Manitoba winds knock down power lines, trees, rip roof off building
Powerful winds brings gusts up to 100 km/h to southern Manitoba
Extremely powerful northwest winds rushed through southern Manitoba this Thanksgiving Day.
It's the same system that blew through Saskatchewan on Sunday, causing numerous power outages, fallen trees, damage to buildings and overturned vehicles as winds gusted as high as 120 km/h in that province.
The wind warning was called off early Monday afternoon.
The winds subsided in the afternoon from west to east as the system headed out of Manitoba and into Ontario.
Roof blown off
The hall was serving as the advance polling station. Voters are now asked to go to the Elie Community Centre, across the street at 23 Main St.
Power outages
Manitoba Hydro spokesman Scott Powell said there has been sporadic outages across Manitoba caused by the high winds that have left 5,000 without power.
The Winnipeg neighbourhoods of Richmond West and Bridgewater Forest were affected and there were a couple outages southeast of Brandon.
St. Norbert was reduced to "partial power," with full outages also reported in Starbuck, Bloodvein, Berens River and Pauingassi.
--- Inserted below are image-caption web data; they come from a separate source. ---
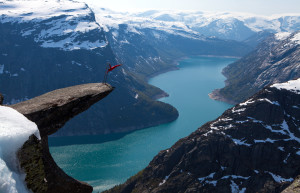 Утёс Язык Тролля (Trolltunga) рядом с Бергеном, Норвегия – фотографии Норвегии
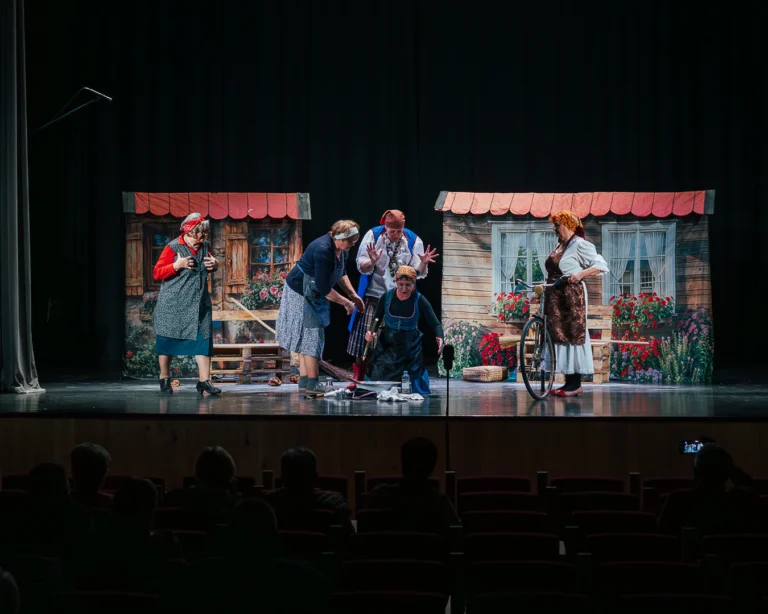 Instagram post from czkidn. This post is in position 6.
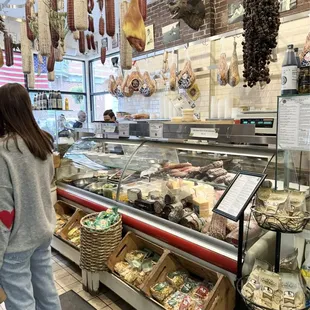 Everything DELI-CIOUS.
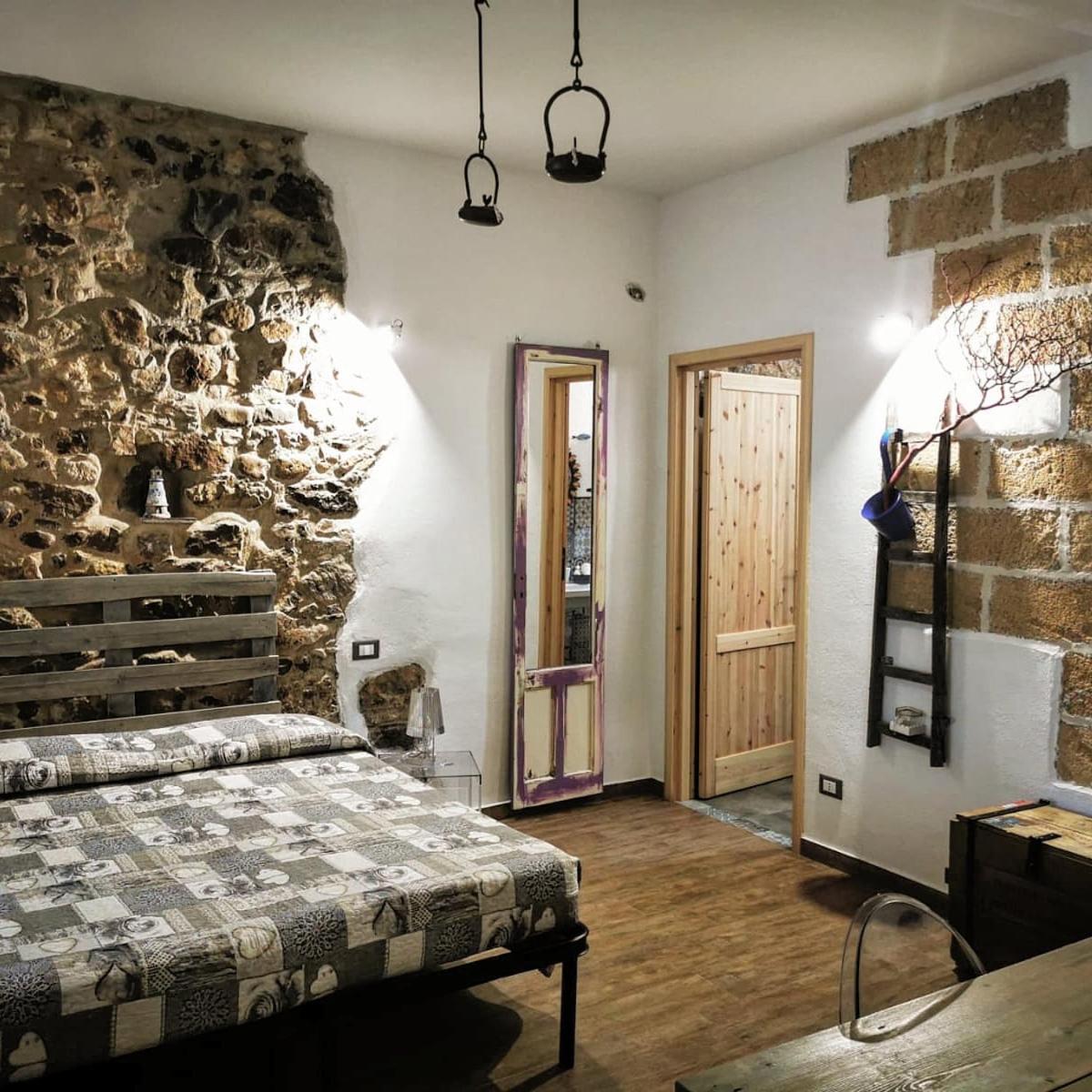 Double Room with Private Bathroom photo 1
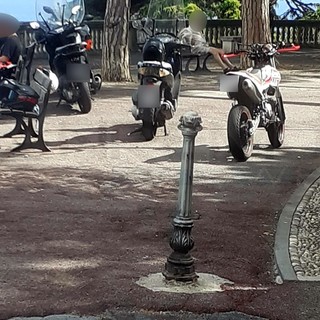 Sanremo: giardini Regina Elena spesso 'invasi' da auto e moto parcheggiate, la protesta di una lettrice (Foto)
"We have a lot of ... customer no-power calls throughout cottage country, the Interlake and stretching south to the Portage area, even up into Russell," Powell said, adding crews are busy working to repair outages across the south.
Restoration for Scanterbury/Patricia Beach customers estimated at approximately 1:30 pm <a href="https://twitter.com/hashtag/mboutage?src=hash">#mboutage</a>
—@manitobahydro
TRAFFIC LIGHTS Update: Lights out reported at Portage/Vaughan, Pembina/De Vos & Pembina/Grandmont. Please drive safely!
—@wpgpolice
Winnipeg forecast
- High 8 C.
- Periods of rain end this morning then cloudy with 30 per cent chance of showers.
- Rain amount 5-10 millimetres.
- Winds diminish to 40-60 km/h near noon.
- Clearing late in evening.
- Wind becomes light late in evening.
- Overnight low 2 C.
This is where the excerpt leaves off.